Cell Phones on Airplanes Dangerous? We Don't Know

ByABC News
March 3, 2006, 2:26 PM

March 3, 2006 -- -- Boiled down to its essence, the ongoing debate about whether cell phones and other personal electronic devices could ever pose a true risk to the safety of an airline flight by messing with the cockpit displays comes down to this: We still don't know.

Yes, a new study just published validates that airline cabins are full of radio energy emitted by cell phones, DVD players and portable GPS devices, but we already knew this.
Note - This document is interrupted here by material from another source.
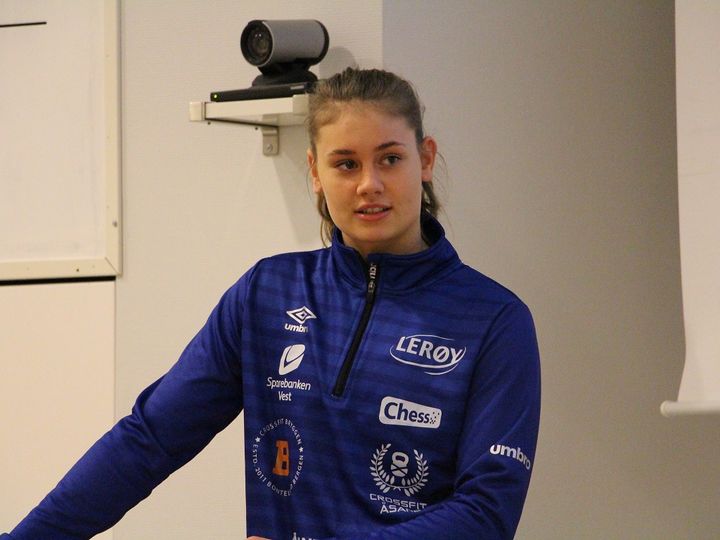 Foto: Iren Løseth Kjerstin held foredrag på Dale vgs om kosthald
While the recommendations of a research team at Carnegie Mellon University are largely right (we need more research and more money for the NASA reporting system in aviation; and we need to harmonize airborne emission standards and get the FAA and FCC to cooperate), there is still no definitive evidence that the electronic gadgets we can use in flight (though are not necessarily permitted to) can pose problems.

But here's the bottom line: People will cheat. Always.
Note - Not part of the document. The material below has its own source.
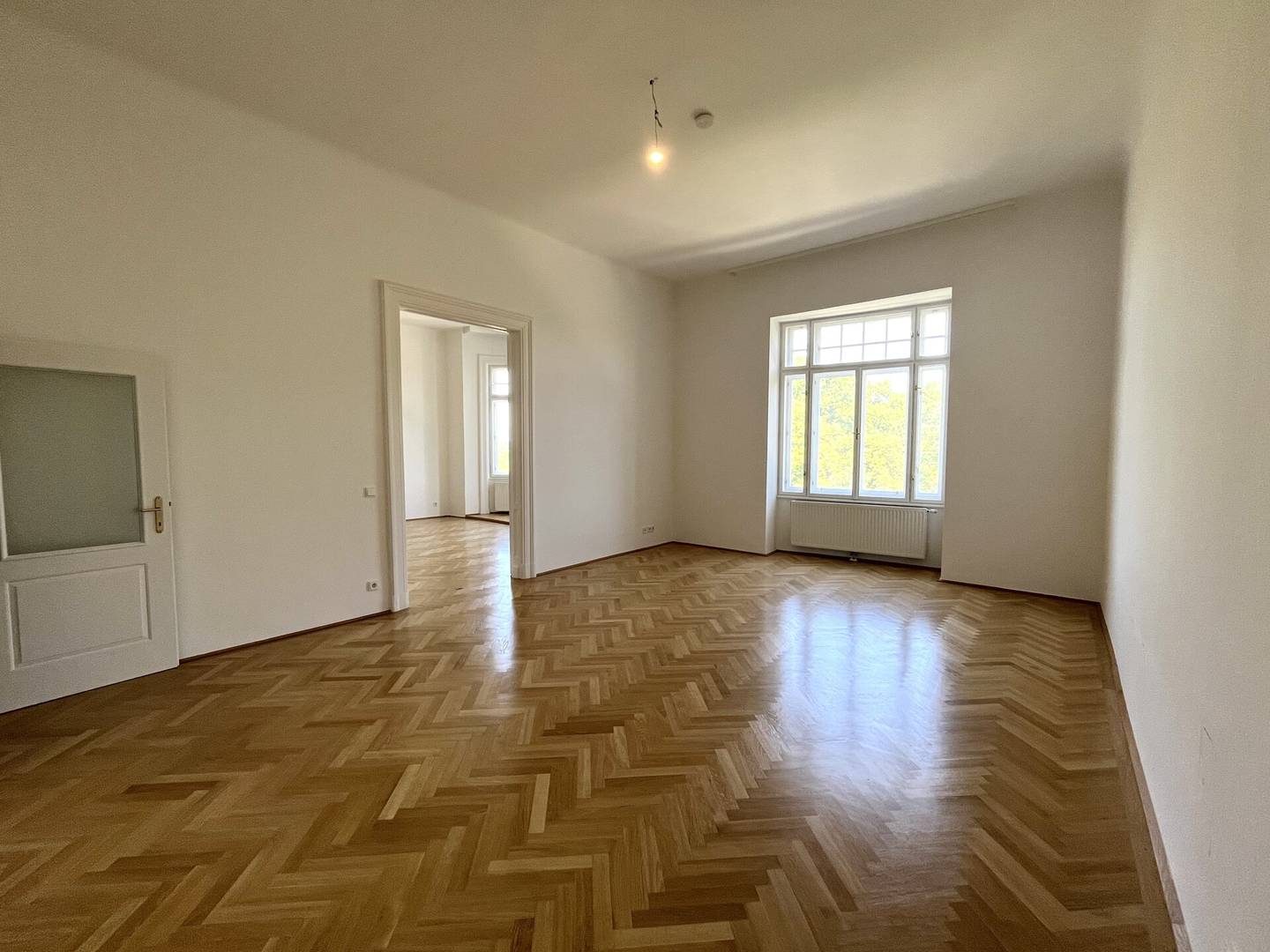 Helle Altbauwohnung nahe Schloss Belvedere mit Fischgrätparkett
They will make clandestine phone calls on the landing approach or run devices the flight attendants told them to shut off when the plane is cruising below 10,000 feet. Depend on it. In other words, if flight safety depends on compliance in the cabin with directives to turn off or not use certain devices, then we're already operating in an unsafe system, which I do not believe is the case.

When and if we ever do discover and validate that there is a true, no-foolin' potential for in-cabin passenger electronics to bobble or interfere with flight deck instruments, we have only two choices: completely ban devices like cell phones, DVD players, GPS units, radios -- or whatever items are found to be particularly dangerous, or beef up the invulnerability of the instruments in the cockpit so that radio interference is impossible.

The latter is the only rational solution, and achieving the status of an interference-free cockpit is already a known art.

The U.S. military has had decades of experience in "hardening" cockpit electronics so that powerful radio emissions from, for example, shipborne radars or enemy transmitters can't penetrate it.